(Records for this exercise Opens)

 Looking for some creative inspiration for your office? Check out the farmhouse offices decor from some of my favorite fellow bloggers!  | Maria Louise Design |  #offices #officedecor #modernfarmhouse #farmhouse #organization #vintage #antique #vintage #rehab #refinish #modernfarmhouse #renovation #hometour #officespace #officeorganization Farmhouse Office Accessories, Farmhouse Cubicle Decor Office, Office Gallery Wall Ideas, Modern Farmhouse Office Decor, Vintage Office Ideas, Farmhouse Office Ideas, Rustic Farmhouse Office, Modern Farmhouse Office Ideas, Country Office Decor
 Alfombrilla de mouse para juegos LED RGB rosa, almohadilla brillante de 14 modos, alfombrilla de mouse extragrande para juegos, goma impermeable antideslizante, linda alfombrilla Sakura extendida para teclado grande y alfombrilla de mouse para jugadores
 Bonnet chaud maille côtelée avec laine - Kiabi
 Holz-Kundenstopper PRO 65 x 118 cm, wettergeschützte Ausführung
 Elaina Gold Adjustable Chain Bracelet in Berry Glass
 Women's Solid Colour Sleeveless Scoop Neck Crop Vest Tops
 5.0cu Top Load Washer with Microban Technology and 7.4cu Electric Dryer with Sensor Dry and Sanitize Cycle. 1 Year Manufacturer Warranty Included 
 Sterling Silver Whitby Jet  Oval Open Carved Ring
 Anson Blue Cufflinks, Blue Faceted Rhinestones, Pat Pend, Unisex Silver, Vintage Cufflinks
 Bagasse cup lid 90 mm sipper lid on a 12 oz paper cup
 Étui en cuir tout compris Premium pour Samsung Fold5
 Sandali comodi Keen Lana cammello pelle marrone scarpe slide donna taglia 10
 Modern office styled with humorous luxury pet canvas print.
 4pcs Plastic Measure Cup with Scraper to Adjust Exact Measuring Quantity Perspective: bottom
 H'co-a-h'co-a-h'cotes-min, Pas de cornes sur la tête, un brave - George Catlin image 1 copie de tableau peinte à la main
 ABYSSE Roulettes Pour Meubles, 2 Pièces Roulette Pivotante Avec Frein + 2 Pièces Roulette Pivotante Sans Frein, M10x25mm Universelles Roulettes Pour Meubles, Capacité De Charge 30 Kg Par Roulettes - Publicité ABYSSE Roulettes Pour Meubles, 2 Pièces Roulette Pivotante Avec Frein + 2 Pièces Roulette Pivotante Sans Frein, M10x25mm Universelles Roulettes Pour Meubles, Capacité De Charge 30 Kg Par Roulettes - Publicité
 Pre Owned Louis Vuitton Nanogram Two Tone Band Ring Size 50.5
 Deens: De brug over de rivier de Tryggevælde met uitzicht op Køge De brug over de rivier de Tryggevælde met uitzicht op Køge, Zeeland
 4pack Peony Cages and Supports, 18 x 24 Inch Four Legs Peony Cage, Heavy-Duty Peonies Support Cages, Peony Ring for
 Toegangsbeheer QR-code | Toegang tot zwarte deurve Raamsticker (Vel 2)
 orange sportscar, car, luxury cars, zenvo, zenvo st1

(Records for this exercise Closes)

What to do:
From the entries above, return exactly the line containing "Bonnet chaud maille", the line containing "H'co-a-h'co-a-h'cotes-min, Pas de", and all lines between, and nothing else.

Task output:
 Bonnet chaud maille côtelée avec laine - Kiabi
 Holz-Kundenstopper PRO 65 x 118 cm, wettergeschützte Ausführung
 Elaina Gold Adjustable Chain Bracelet in Berry Glass
 Women's Solid Colour Sleeveless Scoop Neck Crop Vest Tops
 5.0cu Top Load Washer with Microban Technology and 7.4cu Electric Dryer with Sensor Dry and Sanitize Cycle. 1 Year Manufacturer Warranty Included 
 Sterling Silver Whitby Jet  Oval Open Carved Ring
 Anson Blue Cufflinks, Blue Faceted Rhinestones, Pat Pend, Unisex Silver, Vintage Cufflinks
 Bagasse cup lid 90 mm sipper lid on a 12 oz paper cup
 Étui en cuir tout compris Premium pour Samsung Fold5
 Sandali comodi Keen Lana cammello pelle marrone scarpe slide donna taglia 10
 Modern office styled with humorous luxury pet canvas print.
 4pcs Plastic Measure Cup with Scraper to Adjust Exact Measuring Quantity Perspective: bottom
 H'co-a-h'co-a-h'cotes-min, Pas de cornes sur la tête, un brave - George Catlin image 1 copie de tableau peinte à la main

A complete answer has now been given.